• _Dataset_
────────────────────
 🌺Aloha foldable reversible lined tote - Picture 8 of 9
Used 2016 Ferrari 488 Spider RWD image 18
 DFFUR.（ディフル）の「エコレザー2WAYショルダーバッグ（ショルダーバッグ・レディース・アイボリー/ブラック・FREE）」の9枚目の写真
────────────────────
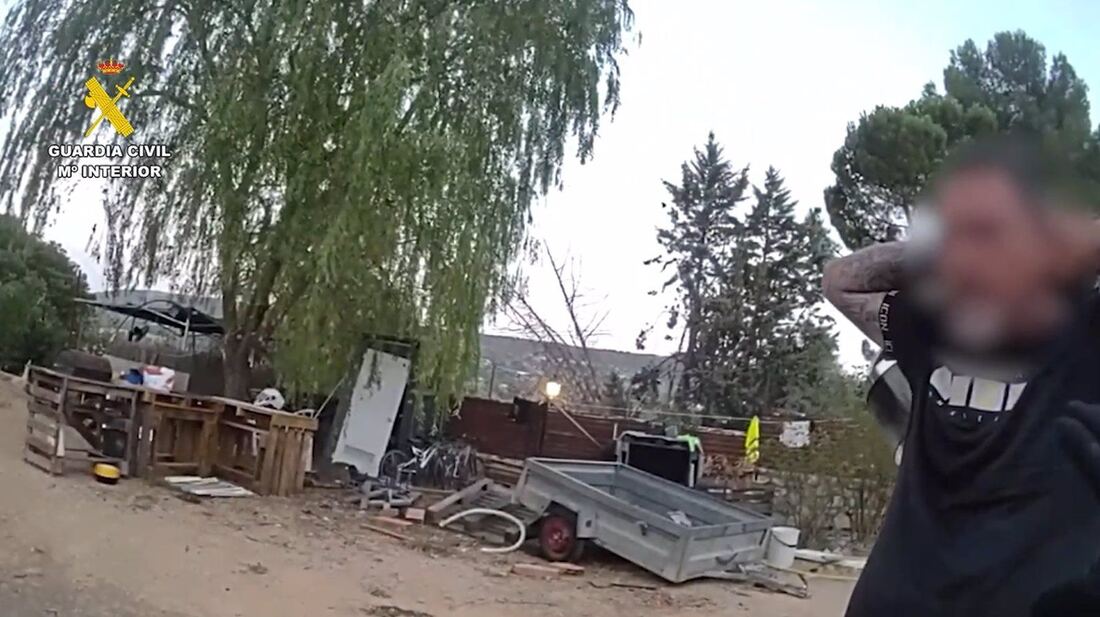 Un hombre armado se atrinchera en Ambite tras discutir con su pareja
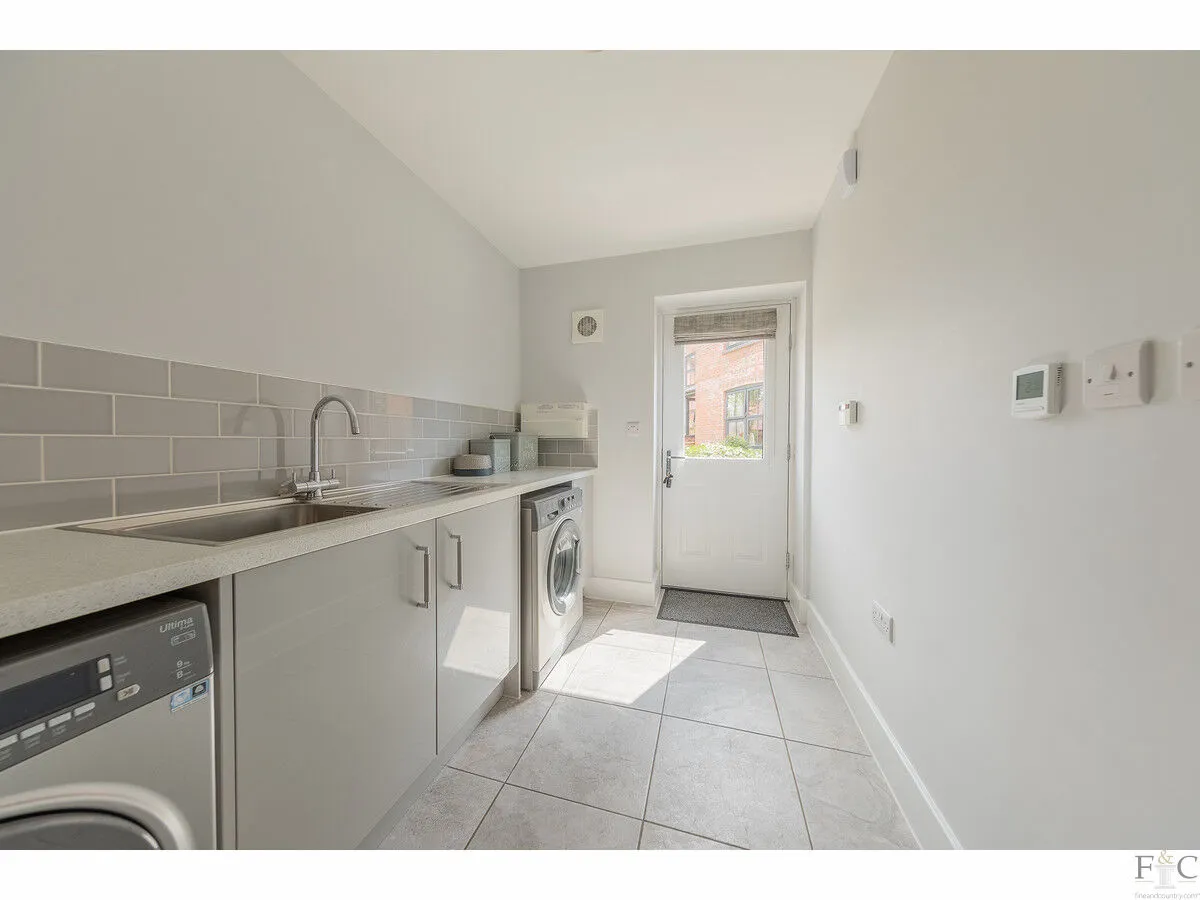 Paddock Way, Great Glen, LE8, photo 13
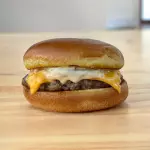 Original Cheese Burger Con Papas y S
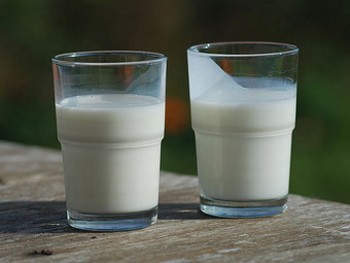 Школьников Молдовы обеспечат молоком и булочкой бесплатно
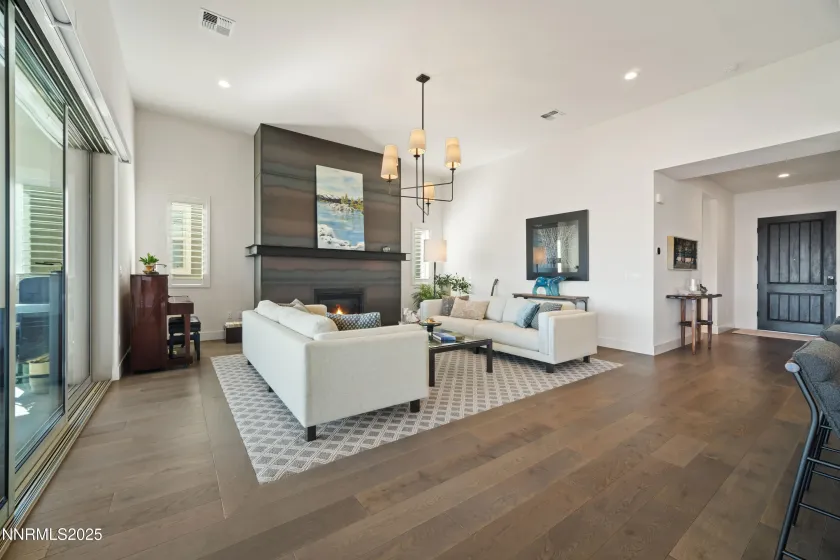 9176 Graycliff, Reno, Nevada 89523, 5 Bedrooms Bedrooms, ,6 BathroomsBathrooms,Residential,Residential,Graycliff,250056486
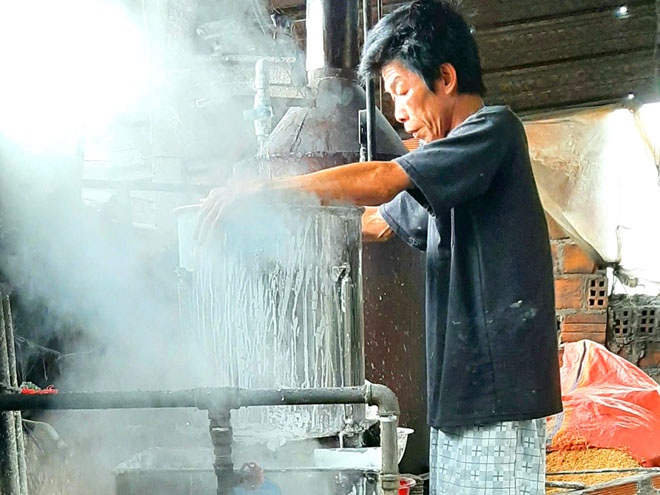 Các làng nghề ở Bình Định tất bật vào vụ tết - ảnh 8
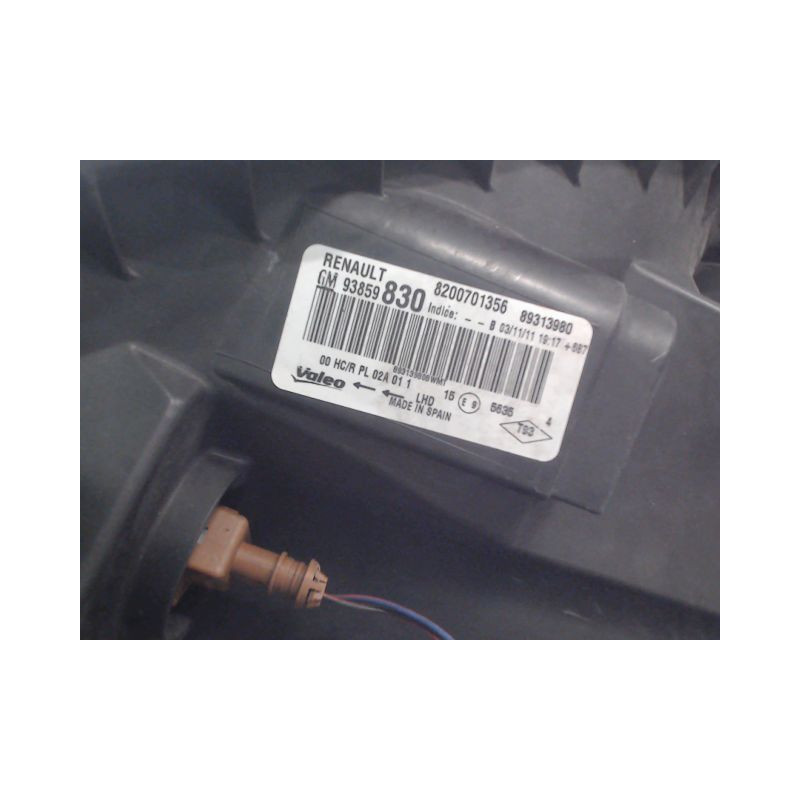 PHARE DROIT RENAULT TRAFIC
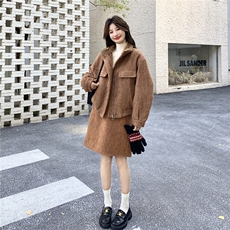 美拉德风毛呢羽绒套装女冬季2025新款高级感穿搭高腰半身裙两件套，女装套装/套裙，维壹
────────────────────
• _What is being asked_
Copy word for word only the lines above from the one with "PHARE DROIT RENAULT TRAFIC" through the one with "美拉德风毛呢羽绒套装女冬季2". Leave pictures out.

• _Reply to the exercise_
 PHARE DROIT RENAULT TRAFIC
 美拉德风毛呢羽绒套装女冬季2025新款高级感穿搭高腰半身裙两件套，女装套装/套裙，维壹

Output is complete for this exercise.